There is an active debate as to the mechanisms of the actual bonds responsible for hornification (Wohlert et al. 2022; Benselfelt et al. 2023; Koistinen et al. 2023; Solhi et al. 2023), although there is no ambiguity about the resulting reduced flexibility of the fibers due to reduced swelling ability and therefore reduced sheet strength. Different mechanistic explanations for the hornification are favored by different researchers and studies; a common hypothesis for hornification is that it is based on by hydrogen bonds (H-bonds) with help from free hydroxyl groups that create irreversible or at least rather strong assemblies of H-bonds between cellulose chains inside fibers (Laivins and Scallan 1993; Kajanto and Niskanen 1998; Kato and Cameron 1999; Tze and Gardner 2001; Newman 2004; Luo and Zhu 2011; Luo et al. 2011; Mo et al. 2022). The reasoning behind H-bonds being responsible for hornification is the huge amount of hydroxyl groups present in cellulose surfaces, but all agree that H-bonds are also reversible in water environments. However, if multiple H-bonds have been formed, it will be more difficult for water to break them. The reversibility in water is the main reason for disagreement and doubts (Fernandes Diniz et al. 2004; Wohlert et al. 2022) that H-bonds can be solely responsible for the irreversible hornification bonds created with drying. There are several studies not content with hydrogen bonding as the sole explanation. Two alternative mechanisms are: (1) co-crystallization where crystalline parts of the cellulose in the fibers end up next to each other, rotate, and cross-link with each other (Newman, 2004) – probably by H-bonds and hydrophobic interactions/ Van der Waals bonds, and (2) lactone bridge formation, which is a covalent bond between cellulose chains that are not be reversible with water (Fernandes Diniz et al. 2004). Of course, several mechanisms can be valid and even cooperate, i.e., a combination of different bonds between functional groups on the cellulose chain within the fibers, H-bonds, ester bonds and ether bonds.

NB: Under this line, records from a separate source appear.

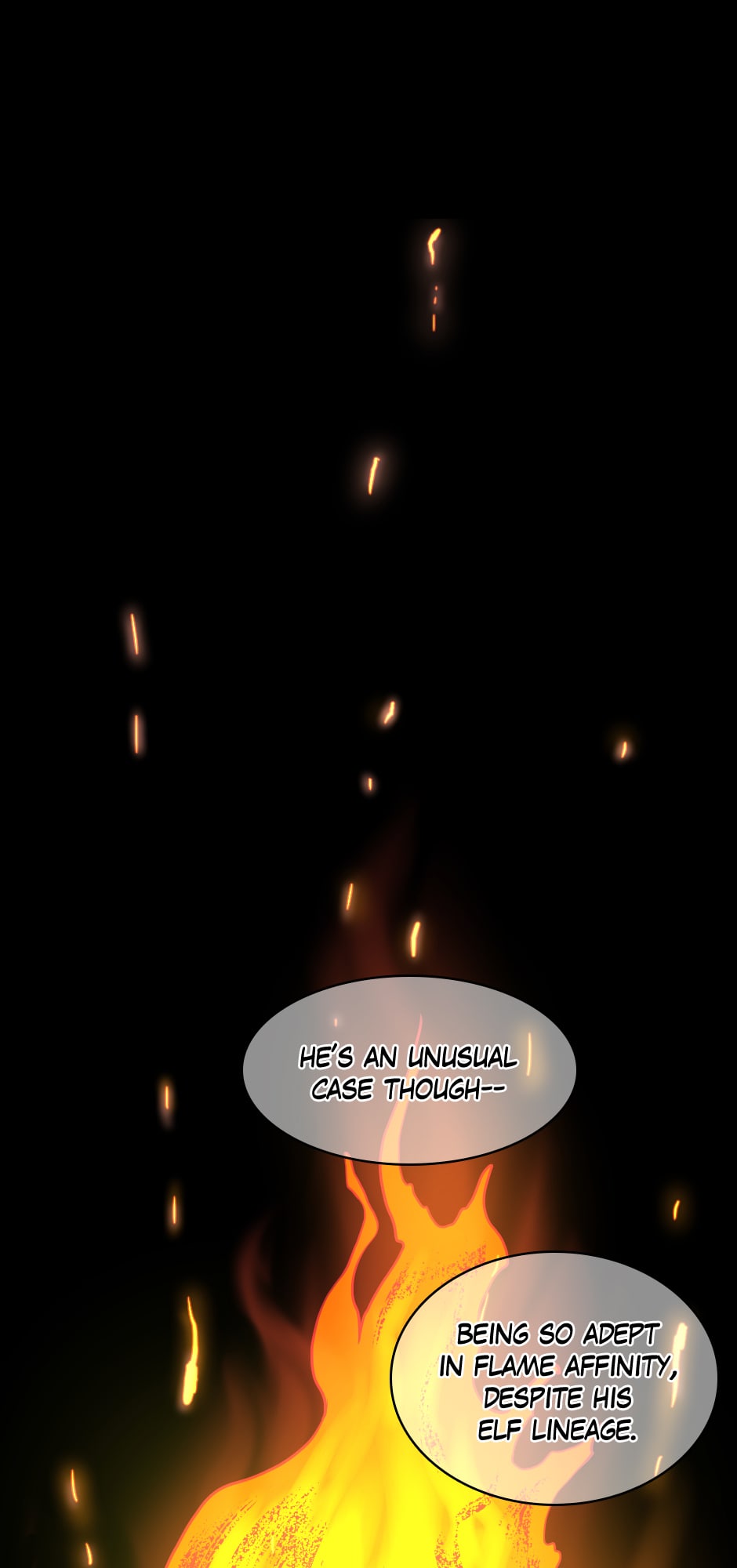 The Beginning After the End Chapter 53 — Page 30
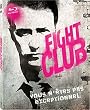 Fight club. Edition Collector Limit�e. [Blu-ray]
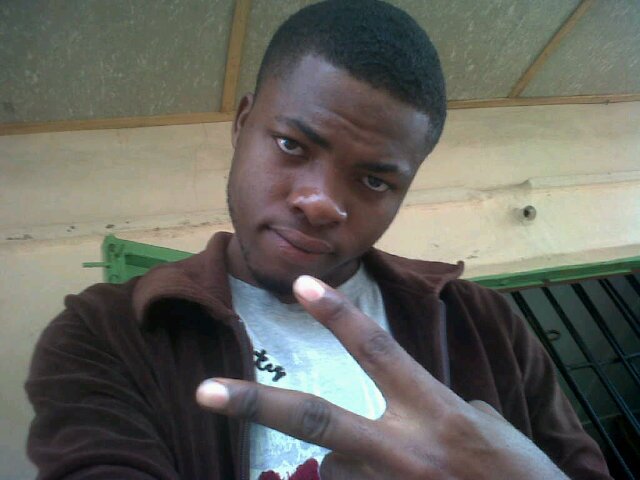 I am not an extraordinary guy. I laugh at silly things and cry when I hear sad love songs. I struggle each day because I have my own battles to fight.@##CMB##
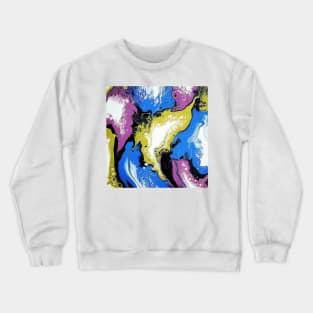 Sweet Emulsion Crewneck Sweatshirt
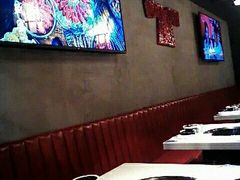 大堂-京韵胡同·酱香羊蝎子火锅涮肉(长寿路店)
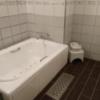 BANJAR(バンジャール) HOTEL＆SPA(所沢市/ラブホテル)の写真『203号室、浴室全景』by おむすび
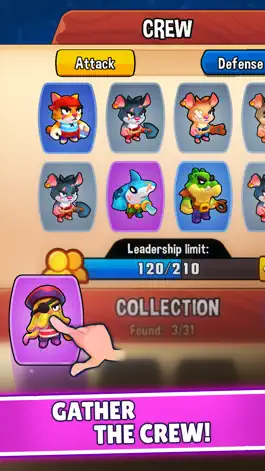 Game screenshot Pirate Dice mod apk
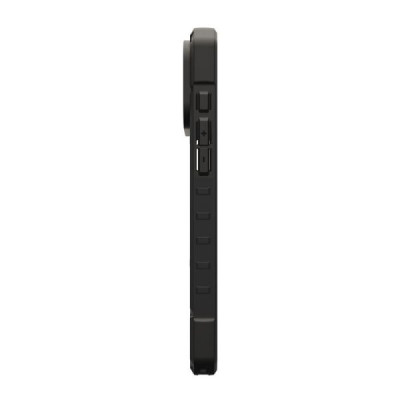 Чехол UAG Pathfinder для iPhone 17 Pro Max 6.9" (114549114040) черный (Black)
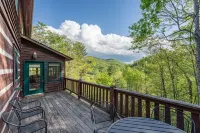 Lions Den- Luxury High Country Mountain Escape!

According to recent literature reviews (Wohlert et al. 2022; Benselfeldt et al. 2023; Solhi et al. 2023), H-bonds may be involved in hornification, but according to these researchers, H-bonds alone cannot be the explanation. The argument is that H-bonds are not strong enough and do not have the reach to pull the cellulose surfaces close enough to be in range for H-bonds. Wohlert et al. (2022) suggest “capillary pressure and capillary forces” instead. The capillary effects are high when the liquid’s surface tension is high and when the contact angle towards the solid is low (Myers 1999; Israelachvili 2011), both these are true for water and cellulose due to H-bonds. When the surfaces of cellulose are close enough, Wohlert et al. (2022) accept that H-bonds are formed. However, they suggest that the H-bonds should be weakened by the water present between the cellulose surfaces (Wohlert et al. 2022). The forces in this case are about how water binds to the solid phase cellulose. The H-bond strengths are approximately the same between water-water, cellulose-cellulose and water-cellulose (Medronho et al. 2012; Kihlman et al. 2013). Several sources report the ability of H-bonds in water to interact with each other and form bridges (Clark 1985; Fellers and Norman 1998; Israelachvili 2011), this might be the mechanism for pulling cellulose surfaces together even when individual H-bonds have very short reach (Wohlert et al. 2022; Benselfeldt et al. 2023; Solhi et al. 2023). Kang et al. (2018) describe an interesting method called Critical Point Drying (CPD) where they preserve the morphological structure of eucalyptus cellulose biomass by replacing water as a solvent with a non-polar liquid, in their case CO₂ fluid. By exchanging the solvent to one that cannot form H-bonds, the cellulose surfaces could not come sufficiently close together to enable hornification and the morphological structure remained unchained to a large extent. The liquid exchange could also affect the stiffness of the cellulosic chains, making them less conformable. This would also give a less collapsed morphological structure, but higher stiffness is not expected to give higher swelling after drying since that is a measurement highly connected to fiber wall flexibility.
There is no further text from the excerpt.